#### [Exercise requirements]
All of the data that follows is to be written out exactly, with images excluded.

#### [Information shown]
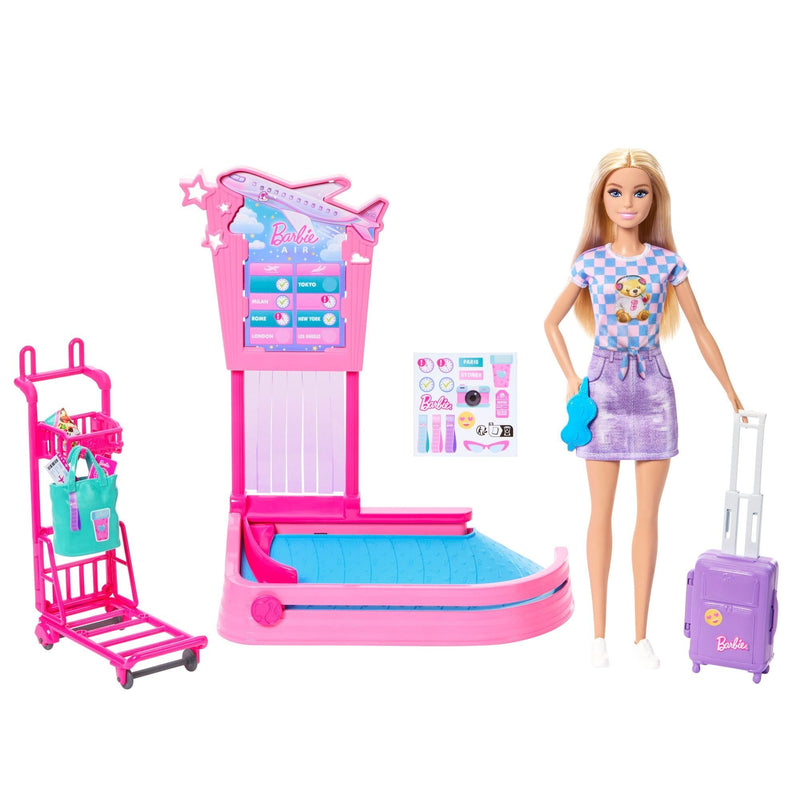 Barbie Doll and Travel Playset A2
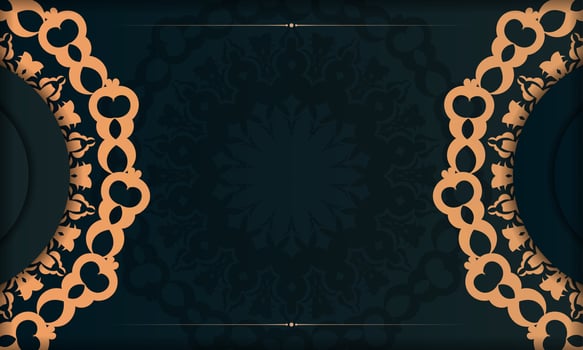 An ornate black and gold background with a circular pattern vector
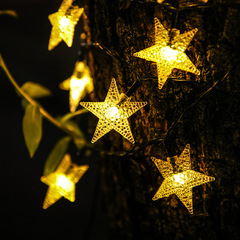 Cross-border Amazon solar bubble ball light string crystal ball LED round ball light outdoor waterproof decorative light color light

#### [Output for this exercise]
 Barbie Doll and Travel Playset A2
 An ornate black and gold background with a circular pattern vector
 Cross-border Amazon solar bubble ball light string crystal ball LED round ball light outdoor waterproof decorative light color light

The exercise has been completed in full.